Metformin, commonly prescribed in diabetic patients, can cause lactic acidosis. Although generally rare, this side effect remains a source of concern in procedures requiring contrast media, due to the risk of contrast-induced nephropathy. Temporarily withdrawing metformin during the peri-procedural period is often practiced, but clinical decisions are difficult in emergency situations, such as acute coronary syndromes. In this systematic review with meta-analysis, we aimed to further investigate the safety of percutaneous coronary interventions in patients on concurrent metformin therapy. We analyzed studies in patients undergoing (elective or emergency) percutaneous coronary interventions with or without concurrent metformin administration, reporting on the incidence of metformin-associated lactic acidosis and peri-procedural renal function. PubMed, ClinicalTrials.gov, Cochrane Library, and Scopus were systematically searched without language restrictions throughout August 2022. Randomized clinical trials and observational studies were assessed with the Revised Cochrane Collaboration Risk of Bias tool and the Newcastle-Ottawa quality scale, respectively. Data synthesis addressed the mean drop in estimated glomerular filtration rate (eGFR) and the incidence of contrast-induced nephropathy, in addition to lactic acidosis. Nine studies were included, totaling 2235 patients (1076 continuing metformin during the peri-procedural period), mostly with eGFR above 30 mL/min/1.73m No cases of lactic acidosis were reported. The mean post-procedural drop in eGFR was 6.81mL/min/1.73m (95% confidence interval [CI]: 3.41 to 10.21) in the presence of metformin and 5.34 mL/min/1.73m (95% CI: 2.98 to 7.70) in its absence. The incidence of contrast-induced nephropathy was not affected by concurrent metformin, as shown by a (between-groups) standardized mean difference of 0.0007 (95% CI: -0.1007 to 0.1022). Concurrent metformin during percutaneous coronary interventions in patients with relatively preserved renal function is safe, without added risk of lactic acidosis or contrast-induced nephropathy. Thus, emergency revascularization in the context of acute coronary syndromes should not be deferred. More data from clinical trials in patients with severe renal disease are needed.

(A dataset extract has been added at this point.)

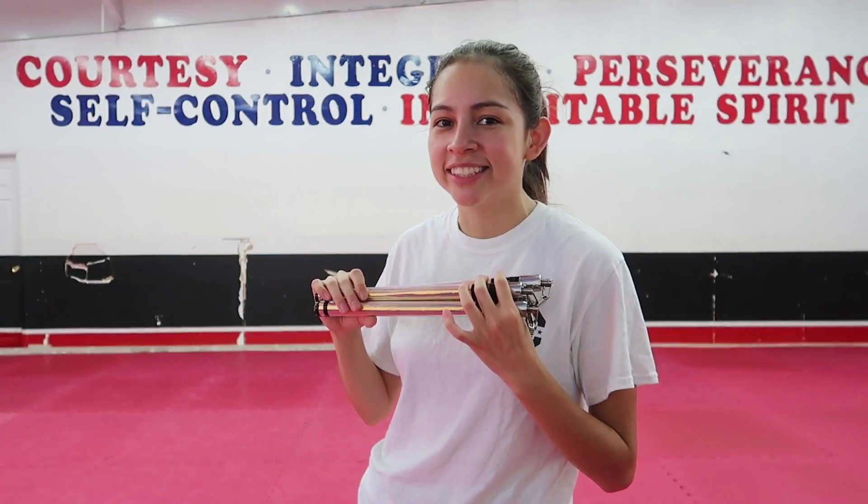Hey everybody, my name is Tammy Morris and today I'm going to be doing a nunchucks tutorial on variations of figure eights. If you guys are new to this channel, make sure you hit that subscribe button because on this channel we do a lot of Taekwondo tips, tutorials, and videos to help you improve in Taekwondo. If you feel like supporting the channel even more, be sure to check out my Patreon — the link is in the description below. Now let's go ahead and get started with the nunchucks tutorial.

二甲双胍常用于治疗糖尿病患者,但可能导致乳酸酸中毒。虽然这种副作用较为罕见,但在需要使用造影剂的检查中,它仍是导致造影剂肾病的一个隐患。因此,在围手术期通常会停用二甲双胍,但在急性冠脉综合征等紧急情况下,临床决策会比较困难。本系统回顾性Meta 分析旨在进一步探讨在接受经皮冠状动脉介入治疗的患者中同时使用二甲双胍的安全性。我们分析了接受(选择性或紧急)经皮冠状动脉介入治疗的患者的研究,这些患者同时使用或未使用二甲双胍,报告二甲双胍相关乳酸酸中毒和围手术期肾功能的发生率。在整个 2022 年 8 月,我们对 PubMed、ClinicalTrials.gov、Cochrane 图书馆和 Scopus 进行了系统搜索,没有语言限制。随机临床试验和观察性研究分别使用修订后的 Cochrane 协作风险偏倚工具和纽卡斯尔-渥太华质量量表进行评估。数据综合分析了估计肾小球滤过率(eGFR)的平均下降情况以及造影剂肾病的发生率,此外还分析了乳酸酸中毒的发生率。共纳入 9 项研究,总计 2235 例患者(1076 例在围手术期继续使用二甲双胍),eGFR 大多超过 30mL/min/1.73m。没有报告乳酸酸中毒的病例。在使用二甲双胍的情况下,术后 eGFR 的平均下降值为 6.81mL/min/1.73m(95%置信区间:3.41 至 10.21),而在未使用二甲双胍的情况下为 5.34mL/min/1.73m(95%置信区间:2.98 至 7.70)。在存在二甲双胍的情况下,造影剂肾病的发生率没有受到影响,组间标准化均数差值为 0.0007(95%置信区间:-0.1007 至 0.1022)。在肾功能相对保留的患者中,在经皮冠状动脉介入治疗期间同时使用二甲双胍是安全的,不会增加乳酸酸中毒或造影剂肾病的风险。因此,不应推迟急性冠脉综合征患者的紧急血运重建。需要更多来自严重肾功能障碍患者的临床试验数据。